I've found that even if at first the silence may be uncomfortable, and I'm distracted, and the chatter in my mind won't turn off, by the end of the hour, I'm renewed.  Meetings for worship have taught me to be mindful, to be receptive to God, to NOTICE.

Since I've been more mindfully present in my life and in the mundane daily moments, I'm noticing patterns and coincidences that normally would pass me by.  This week, I've had an odd series of coincidences revolving around Carl Jung.

As I reread my journals last week in a personal celebration of my 30th birthday, I thought of my life as a giant spiral. Each year is a loop, like growth rings of a tree, but each ring radiates out from my core personality.  Sometimes there are spokes of themes that I revisit again and again, year after year.  When I mentioned this to my poet friend, Laurel, who wrote a series of poems on the spiral, she said, "I first came upon that idea when I was reading Jung."

Then the next night Kent and I were watching an old episode of Northern Exposure, and Chris, the radio deejay, was reading excerpts of Jung on the air.

Finally, I went to tutor a high school student this afternoon, and on his mom's coffee table was a copy of The Portable Jung.

I'm not sure that this sure what this all means, except that now I know I've got to read some Jung.  So I have reserved copies of The Portable Jung and Memories, Dreams, Reflections from the library.   Maybe this is just an odd coincidence.  Maybe the Divine is trying to tell me something.

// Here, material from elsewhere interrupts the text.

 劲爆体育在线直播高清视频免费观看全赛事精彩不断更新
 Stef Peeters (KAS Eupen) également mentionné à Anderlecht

Or maybe, and I think Jung might argue, I'm experiencing synchronicity.  That is even though these events are causally unrelated, I've put them together to create personal meaning.

Which of course leads me to brussel sprouts.  Keep up with me here: causally unrelated things that I'm putting together to create my own personal meaning.  We had tempeh reubens for dinner last night.  The reubens made me crave brussel sprouts with tahini sauce.  It seemed like an odd, and quite unlikely combination.  I for one, was baffled at first as to why I would want to mix my brassicas--cabbage sauerkraut and brussel sprouts--with rye bread and sesame seed paste.  But, then it hit me, the first time I went through a Tempeh Reuben phase was in Omaha at McFoster's Natural Kind Cafe.  Not only did McFoster's make a might fine tempeh rueben, they also made a delcious tahini dressing with--you guessed it--roasted brussel sprouts.  So, perhaps my tempeh reuben/brussel sprout connection was not really synchronicity, but it's fun to pretend.  And, the pairing of tahini smothered brussel sprouts and reubens?  Quite in sync.

Tahini Sauce

This is really Kent's recipe--which is a riff on McFoster's tahini dressing.  He worked there as a server for a brief stint when we first met.  This is a fine accompaniment not only for brussel sprouts, but all manner of vegetables and salads.  It is paricularly delicious as a substitute for tziki sauce inside of felafal pitas.  Be sure to use roasted tahini as straight tahini is very bitter.

For the brussel sprouts:
To prepare the brussel sprouts, halve them, and fry cut side down in a generous mixture of butter and olive oil over medium heat until they begin to caramelize and turn golden brown.  Watch carefully as they can burn quickly. As soon as they are golden brown, add about a 1/4 to 1/2 cup of water and cover.  Continue to cook until the sprouts are just tender, and the water is absorbed, about 5 minutes or so.  Toss or drizzle with dressing before serving.
For the sauce:
 1 large clove of garlic, smashed
1/4 cup roasted tahini
1/4 cup water, or more until desired consistency is reached
juice of 1/2 a lemon
dash of salt
fresh ground pepper to taste
1 T. fresh parsley

With a mortar and pestle, smash the garlic to a paste.  Whisk garlic paste with tahini, water, and lemon juice.  Add salt and pepper to taste.  Stir in parsley.  Serve.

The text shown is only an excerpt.